== To do ==
Word for word, restate the entries below and exclude every image.

[Opening Provided data section]

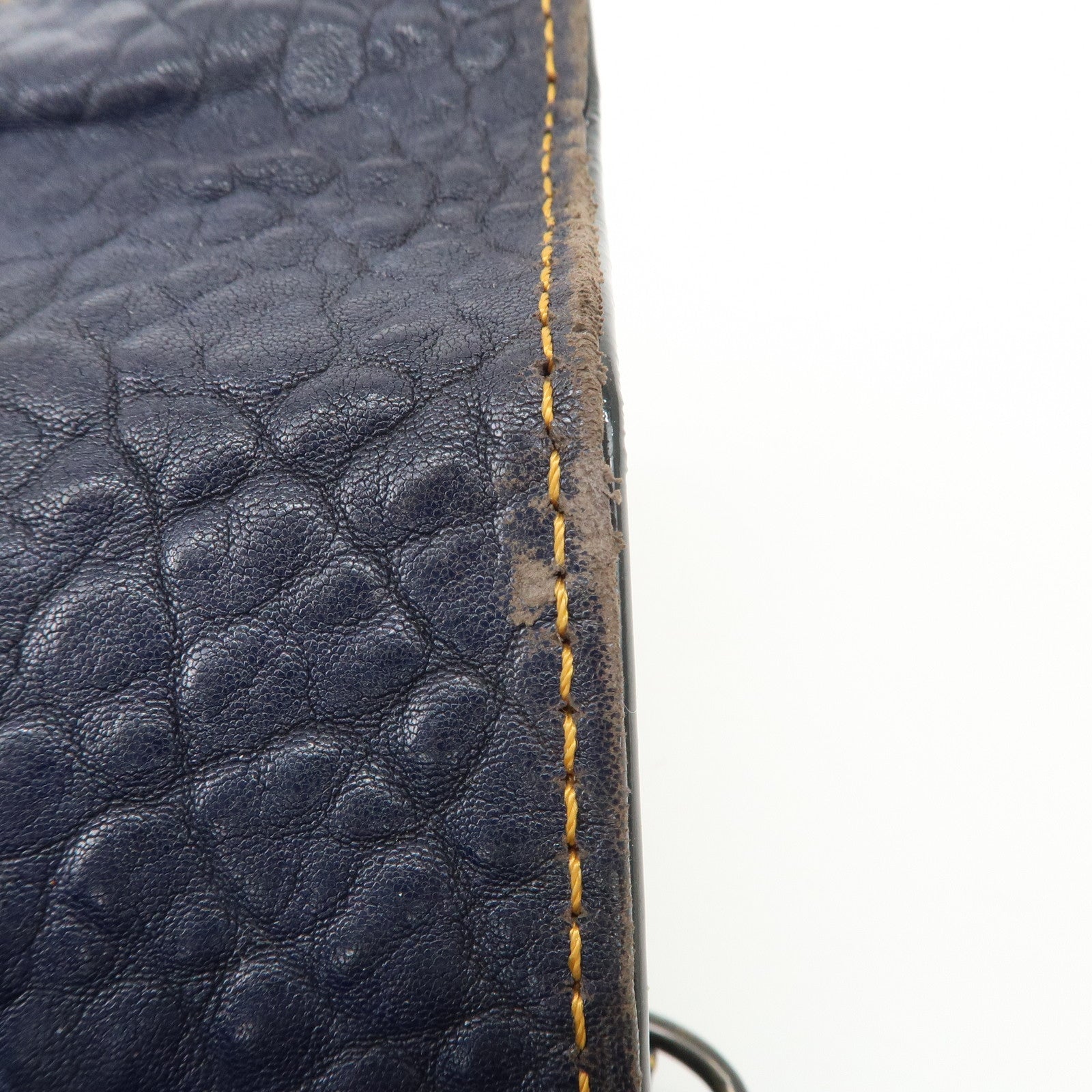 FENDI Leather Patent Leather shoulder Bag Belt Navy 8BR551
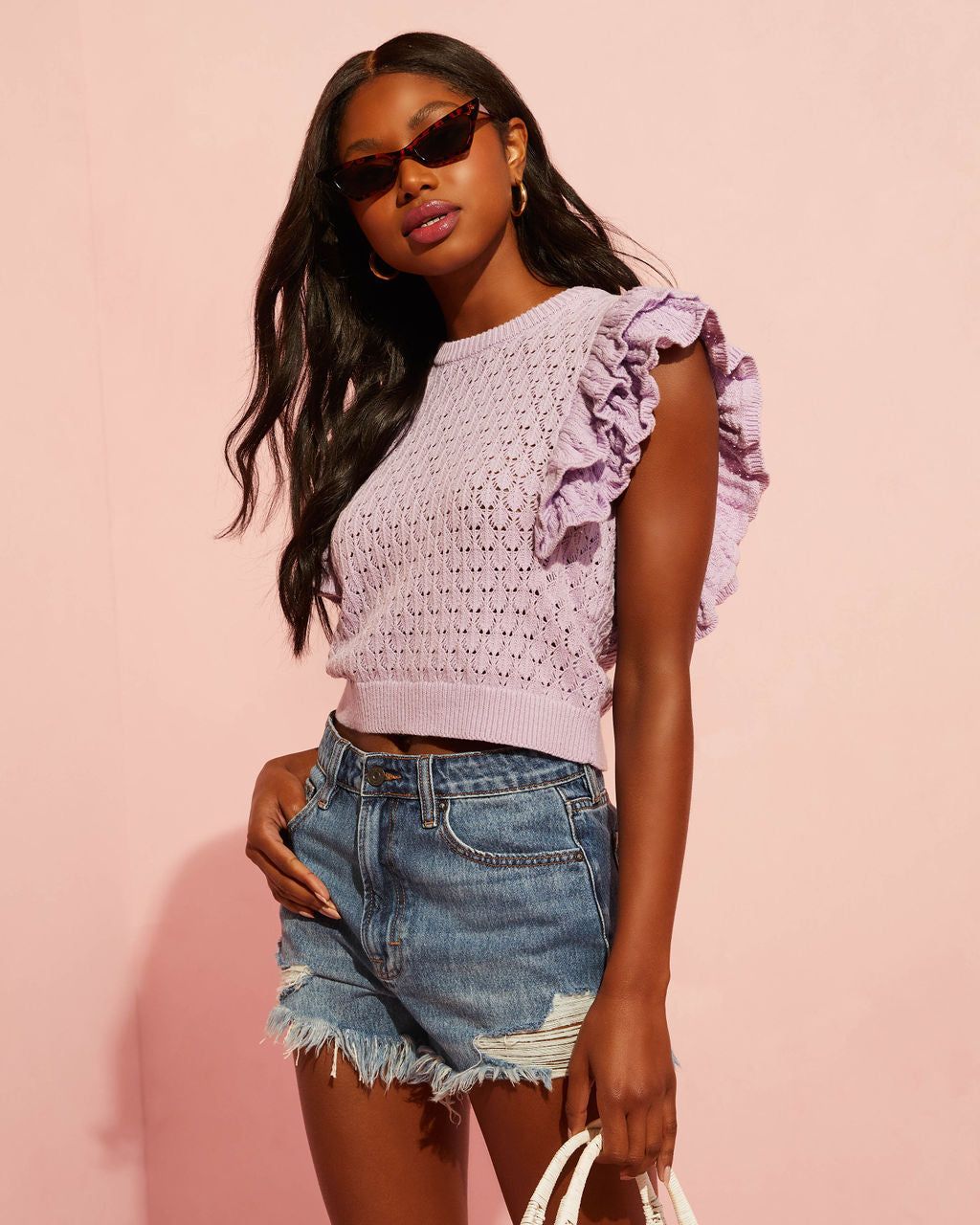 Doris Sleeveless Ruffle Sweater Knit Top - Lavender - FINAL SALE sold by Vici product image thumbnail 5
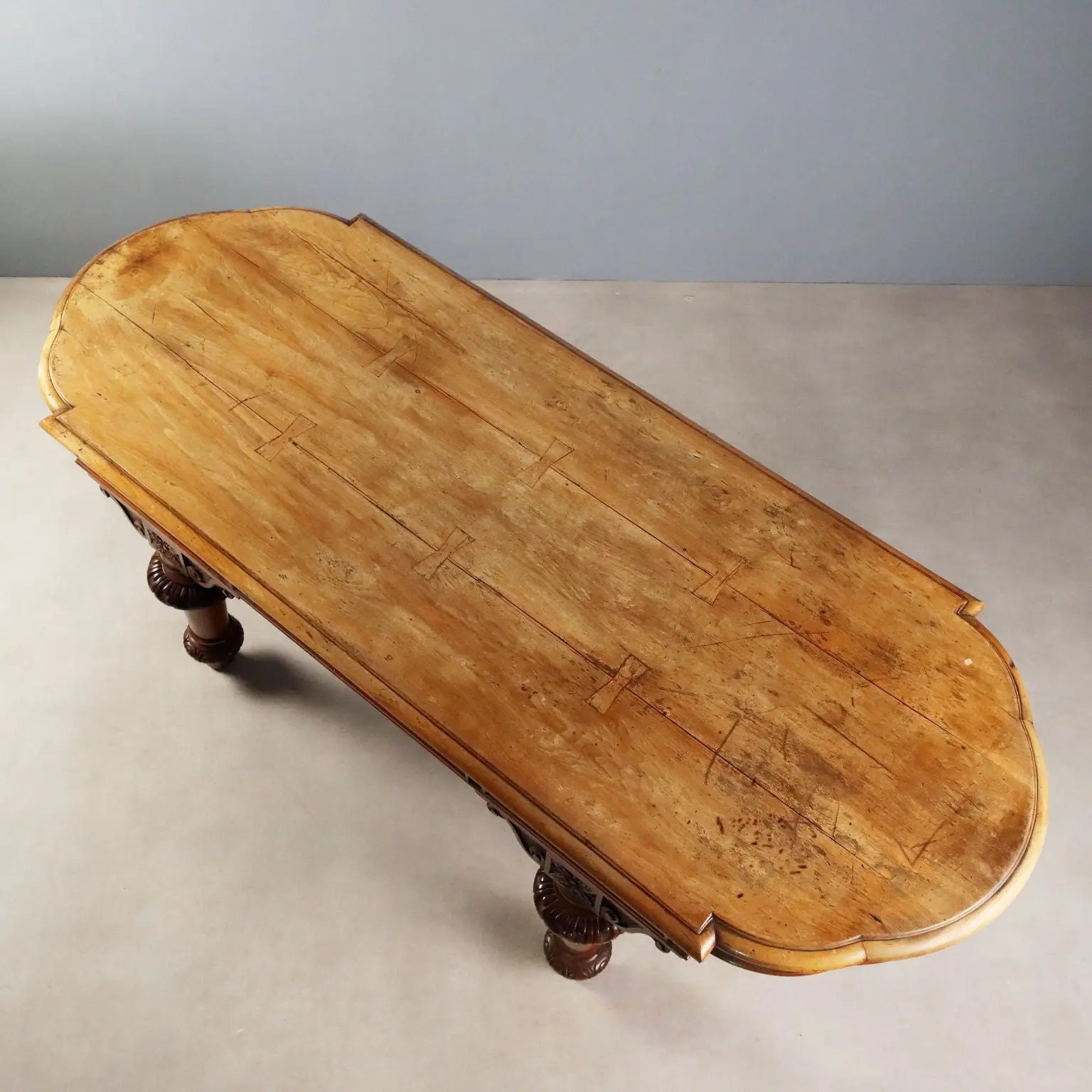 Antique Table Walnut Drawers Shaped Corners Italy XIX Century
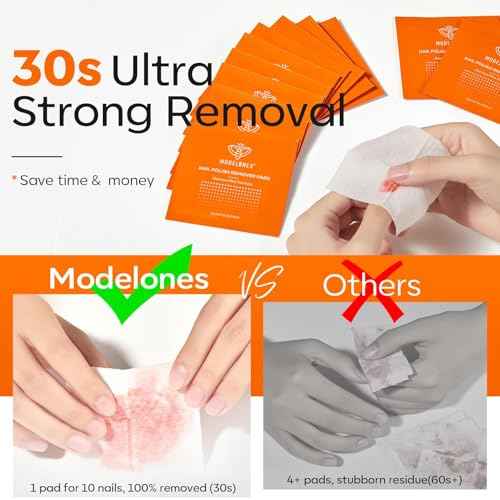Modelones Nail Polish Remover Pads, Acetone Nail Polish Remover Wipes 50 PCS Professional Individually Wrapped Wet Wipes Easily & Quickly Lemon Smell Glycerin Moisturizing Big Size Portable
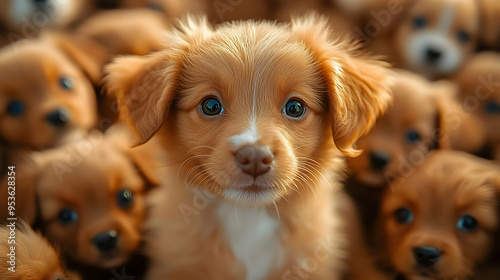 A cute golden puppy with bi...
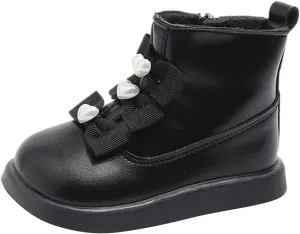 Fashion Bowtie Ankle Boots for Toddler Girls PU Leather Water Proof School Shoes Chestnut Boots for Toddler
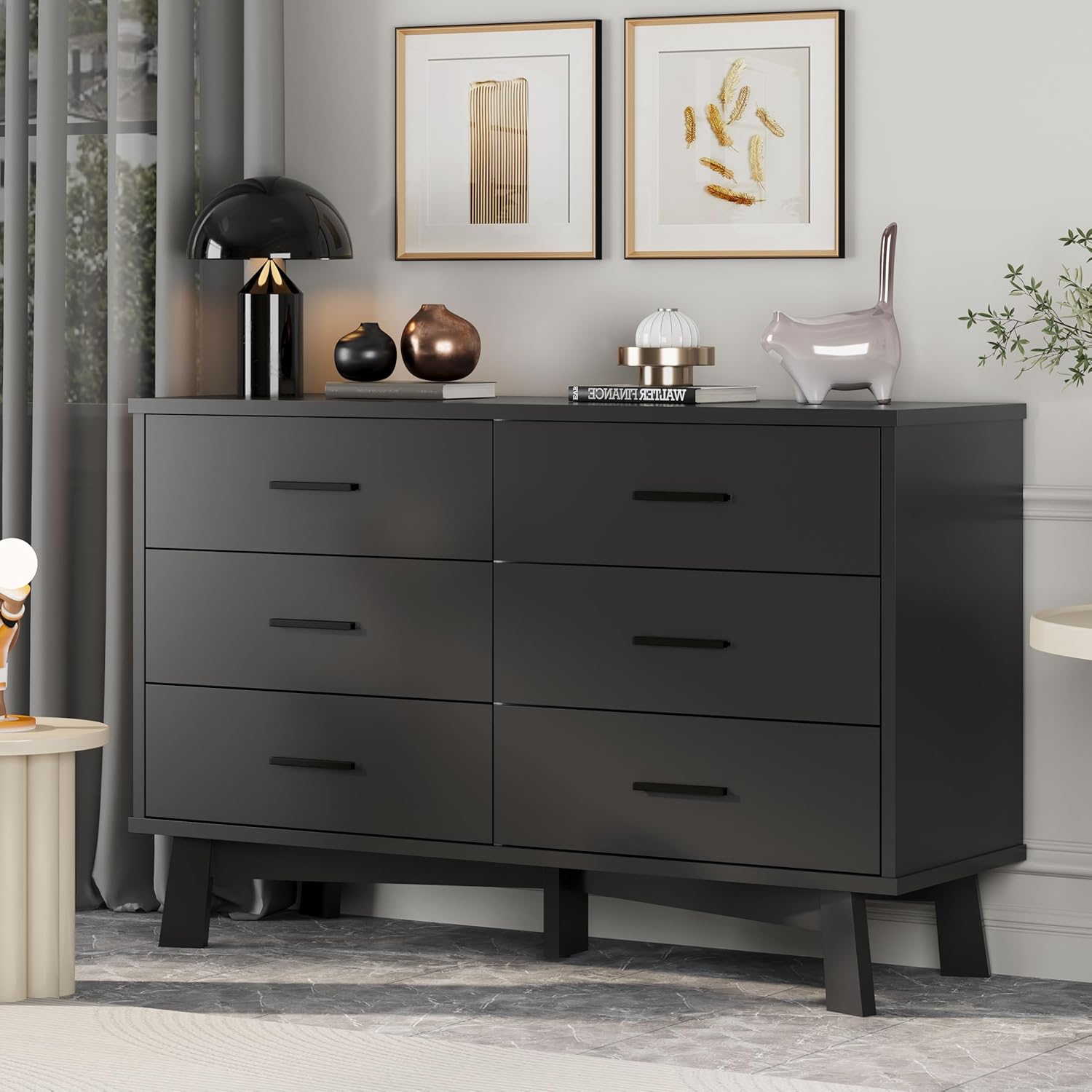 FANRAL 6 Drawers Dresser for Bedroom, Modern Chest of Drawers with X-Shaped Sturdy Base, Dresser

[Closing Provided data section]

== Result ==
 FENDI Leather Patent Leather shoulder Bag Belt Navy 8BR551
 Doris Sleeveless Ruffle Sweater Knit Top - Lavender - FINAL SALE sold by Vici product image thumbnail 5
 Antique Table Walnut Drawers Shaped Corners Italy XIX Century
Modelones Nail Polish Remover Pads, Acetone Nail Polish Remover Wipes 50 PCS Professional Individually Wrapped Wet Wipes Easily & Quickly Lemon Smell Glycerin Moisturizing Big Size Portable
 A cute golden puppy with bi...
 Fashion Bowtie Ankle Boots for Toddler Girls PU Leather Water Proof School Shoes Chestnut Boots for Toddler
 FANRAL 6 Drawers Dresser for Bedroom, Modern Chest of Drawers with X-Shaped Sturdy Base, Dresser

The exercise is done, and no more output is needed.